# Kultura > Letërsia shqiptare > Krijime në gjuhë të huaja >  I walk

## Albioni

i walk 
not on my own
but with my people
guiding me in Life
i walk
beside me my mother,my father my brother my people
sharing every step, 
i walk
if i trip we all trip
if they slip then i slip
for we are all connected
binded by love
stronger then any man made substance
a bond so strong not even hate can break 
although it may strain
bringing us pain when one of us keeps on fallin
having to bump their head on the same stone to realise its there
but we still walk together
its a ruff road this life,
but the road dont run forever  so appreaciate the scenery
more importantly than anything else
love the people you walk with
appreciate them for they are part of u
feed them all your love strengthen the bond
if you decide to run there'll be uplifeted an keep up
its the people you walk with that make life worth living.....
So live it up!!

----------


## MI CORAZON

> .....................
> binded by love
> stronger then any man made substance
> a bond so strong not even hate can break 
> ..........................................
> but the road dont run forever  so appreaciate the scenery
> more importantly than anything else
> love the people you walk with
> appreciate them .........................
> ...



Welcome back , my friend .  :)
Keep up the good work .

----------


## Albioni

Corazon,  thnx for reading.  
You are worth walking with. Glad to see you

----------


## RaPSouL

Welcome , nice text ;)

----------


## land

Next time you have to run,so stop walking albioni

----------


## iliro

last time i was in AZ you were lazy to even park the car so we had to valet, since when you like walking?! :)  good work albioni

----------


## Albioni

> last time i was in AZ you were lazy to even park the car so we had to valet, since when you like walking?! :)  good work albioni


 hahaa Iliro last time we did that it was either cheessecake factory or the cassino.
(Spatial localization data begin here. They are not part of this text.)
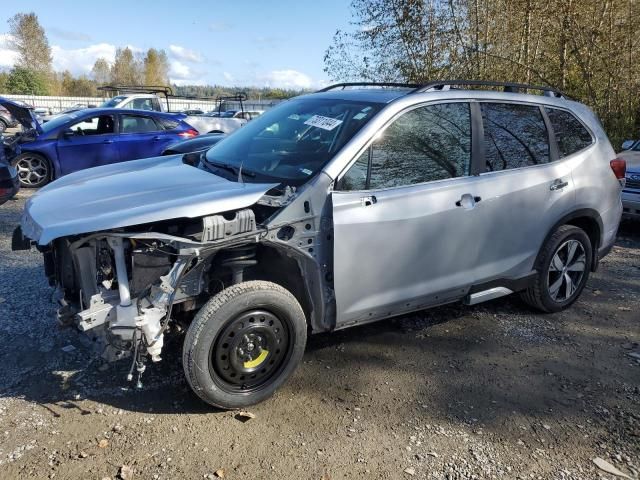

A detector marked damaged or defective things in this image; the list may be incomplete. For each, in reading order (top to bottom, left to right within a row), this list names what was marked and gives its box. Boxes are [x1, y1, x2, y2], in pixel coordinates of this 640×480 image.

crumpled hood [23, 155, 278, 244]
damaged silver suv [12, 79, 624, 408]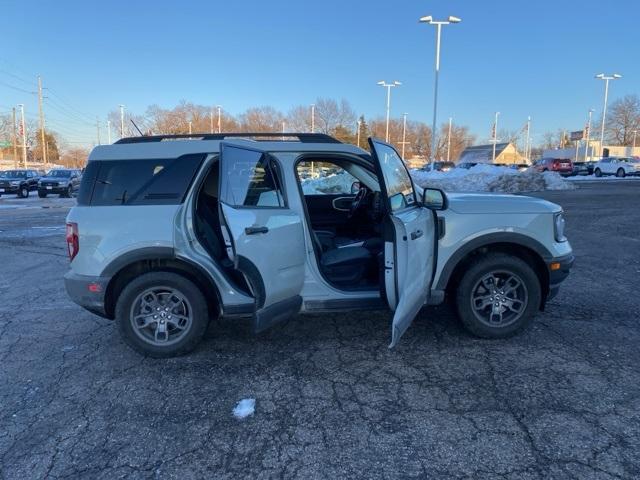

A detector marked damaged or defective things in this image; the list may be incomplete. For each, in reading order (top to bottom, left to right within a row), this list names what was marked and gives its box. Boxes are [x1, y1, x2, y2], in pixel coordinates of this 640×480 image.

cracked asphalt pavement [1, 182, 640, 478]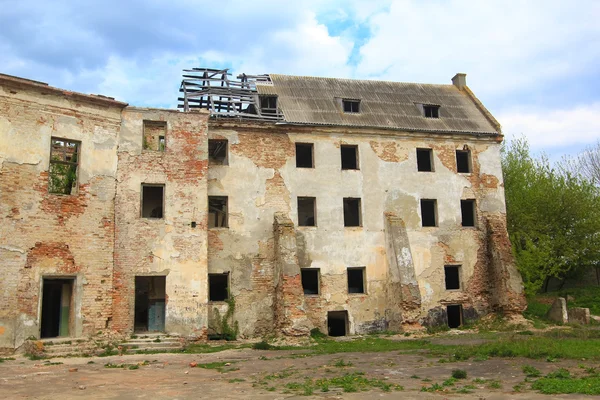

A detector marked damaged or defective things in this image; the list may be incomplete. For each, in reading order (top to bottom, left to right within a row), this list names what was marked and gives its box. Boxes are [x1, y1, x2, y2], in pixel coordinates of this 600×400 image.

cracked wall [0, 81, 122, 350]
cracked wall [113, 107, 210, 338]
cracked wall [207, 122, 524, 334]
Both places we walked enough to get to the table :)

----------


## INFINITY©

Wow.......that was great! Keep up the good work!

Respekte,

DeAdA

----------


## Force-Intruder

Nice one... me solli ne mend te kunderten :

_I am a man who walks alone
And when Im walking a dark road
At night or strolling through the park

When the light begins to change
I sometimes feel a little strange
A little anxious when its dark

................................................

When Im walking a dark road
I am a man who walkes alone_

txt i Iron Maiden ;)

----------